■ AVAILABLE DATA ■
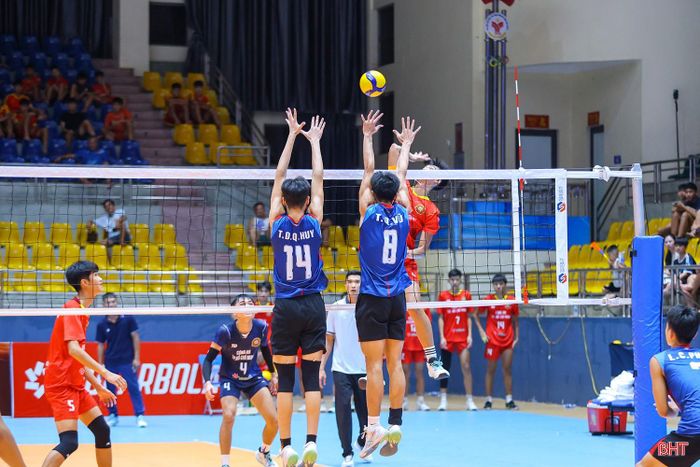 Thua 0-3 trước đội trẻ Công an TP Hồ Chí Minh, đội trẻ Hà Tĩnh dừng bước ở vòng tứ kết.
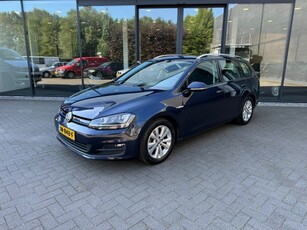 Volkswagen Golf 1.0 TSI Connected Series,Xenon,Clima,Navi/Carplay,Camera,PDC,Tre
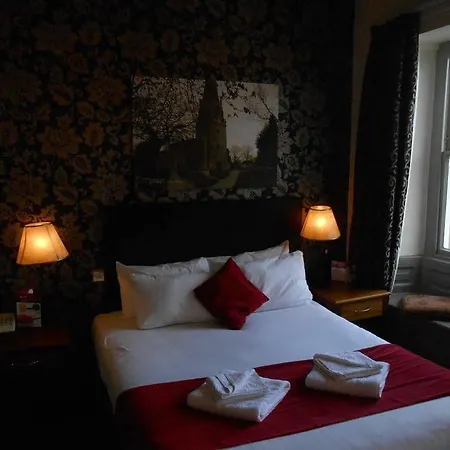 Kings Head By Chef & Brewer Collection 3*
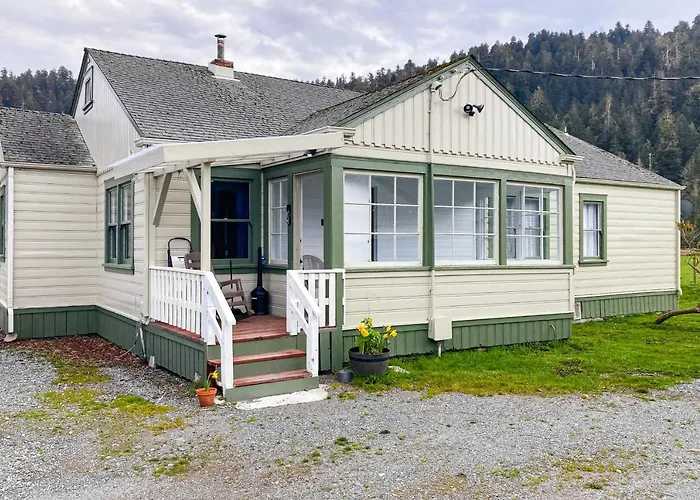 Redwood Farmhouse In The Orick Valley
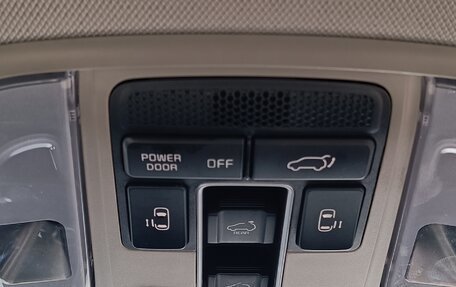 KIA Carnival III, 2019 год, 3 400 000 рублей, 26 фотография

■ TASK REQUIREMENTS ■
All that should be returned is the run of lines from the start of the entries above to the line bearing "Redwood Farmhouse In The Orick Valley", each exact, with pictures omitted.

■ SOLUTION FOR THIS EXERCISE ■
 Thua 0-3 trước đội trẻ Công an TP Hồ Chí Minh, đội trẻ Hà Tĩnh dừng bước ở vòng tứ kết.
 Volkswagen Golf 1.0 TSI Connected Series,Xenon,Clima,Navi/Carplay,Camera,PDC,Tre
 Kings Head By Chef & Brewer Collection 3*
 Redwood Farmhouse In The Orick Valley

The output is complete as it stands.